Will be there soon for a week.

Last visit 5+ years ago...we used Metro, a few cabs coming back from late night dinners. 

Now having a Smart Phone am wondering if I would do better with Uber??

Staying in Roma and want to go to Basilica de Guadalupe. Assume weekdays are best....mornings or afternoons??? Subway or taxi?

We have done the obvious museums on previous trips....any suggestions for Off the Beaten Path sites?

Foodie recommendations from locals always appreciated! We have been to Azul Condesa, Contramar and Pujol. Any price range as we alternate between cheap eats and splurges. Prefer Mexico Contemporary. 

Gracias.


----------



## xolo (May 25, 2014)

In Mexico City Uber is plentiful and lots cheaper than in the US. That was my experience in Coyoacán, but we did travel all across the city and also took Uber on some long treks out into EdoMex, also a good experience.

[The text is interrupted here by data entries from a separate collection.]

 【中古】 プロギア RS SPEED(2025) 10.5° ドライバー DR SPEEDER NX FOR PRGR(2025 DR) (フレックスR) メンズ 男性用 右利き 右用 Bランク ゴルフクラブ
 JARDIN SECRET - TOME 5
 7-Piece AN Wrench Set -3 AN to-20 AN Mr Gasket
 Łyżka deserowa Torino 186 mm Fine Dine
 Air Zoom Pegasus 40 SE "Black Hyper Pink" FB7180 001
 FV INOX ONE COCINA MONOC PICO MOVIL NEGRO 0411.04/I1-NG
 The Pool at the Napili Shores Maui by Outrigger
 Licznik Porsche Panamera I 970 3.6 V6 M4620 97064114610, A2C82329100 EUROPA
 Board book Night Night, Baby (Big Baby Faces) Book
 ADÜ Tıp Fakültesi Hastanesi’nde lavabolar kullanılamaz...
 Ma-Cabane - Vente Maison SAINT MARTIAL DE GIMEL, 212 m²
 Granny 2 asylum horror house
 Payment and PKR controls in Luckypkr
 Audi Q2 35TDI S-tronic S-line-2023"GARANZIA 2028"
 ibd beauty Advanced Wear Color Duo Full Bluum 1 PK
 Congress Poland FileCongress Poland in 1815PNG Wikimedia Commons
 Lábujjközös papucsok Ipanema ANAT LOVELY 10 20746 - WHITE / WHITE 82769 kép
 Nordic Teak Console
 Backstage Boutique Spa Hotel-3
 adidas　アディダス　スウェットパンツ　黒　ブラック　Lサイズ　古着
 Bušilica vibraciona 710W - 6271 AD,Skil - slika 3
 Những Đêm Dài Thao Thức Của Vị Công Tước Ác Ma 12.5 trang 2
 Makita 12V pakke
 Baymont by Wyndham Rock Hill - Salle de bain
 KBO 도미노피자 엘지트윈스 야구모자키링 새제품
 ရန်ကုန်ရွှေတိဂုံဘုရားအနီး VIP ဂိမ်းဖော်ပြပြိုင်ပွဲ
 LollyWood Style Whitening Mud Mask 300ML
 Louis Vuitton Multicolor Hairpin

Also, in Coyoacán lots of very good and very reasonable (by US) restaurants, upscale by Mexican standards. 

I was there doing academic research, I'm not much of a museum-goer, so no comment on anything specific. There's a bunch of Frida Kahlo stuff around, the house of Hernan Cortés, la Malinche's house and private chapel, etc. As you know CDMX is the center of culture for the country, it was all so centralized from colonial days to the present. Well, the _center of culture_ if you believe mestizo culture is "the" culture of Mexico, truly a colonial belief. Colonial times never really ended.

The Uber drivers were so eager to have their own businesses, but at the rates they charged it made me wonder what would be the outcome. In Mexico, even the best intentions do not go unpunished, or should I say co-opted by the local politicians.


----------



## maesonna (Jun 10, 2008)

Here is a list of all the museums in Mexico City. You might like to go down the list and check for ones that sound interesting that you haven’t been to yet.
Here is somebody’s opinion of the 50 museums not to miss, and somebody else’s opinion of the 30 best museums not to miss.
Another good source for ideas for places to visit beyond the tried-and-true tourist sites is Atlas Obscura.
I would say that the choice between metro and Uber depends on where you’re going and the time of day. If there are metro stations close to your starting point and destination, and it’s a route and time of day when the traffic is very bad, then it may be worth taking the metro.


----------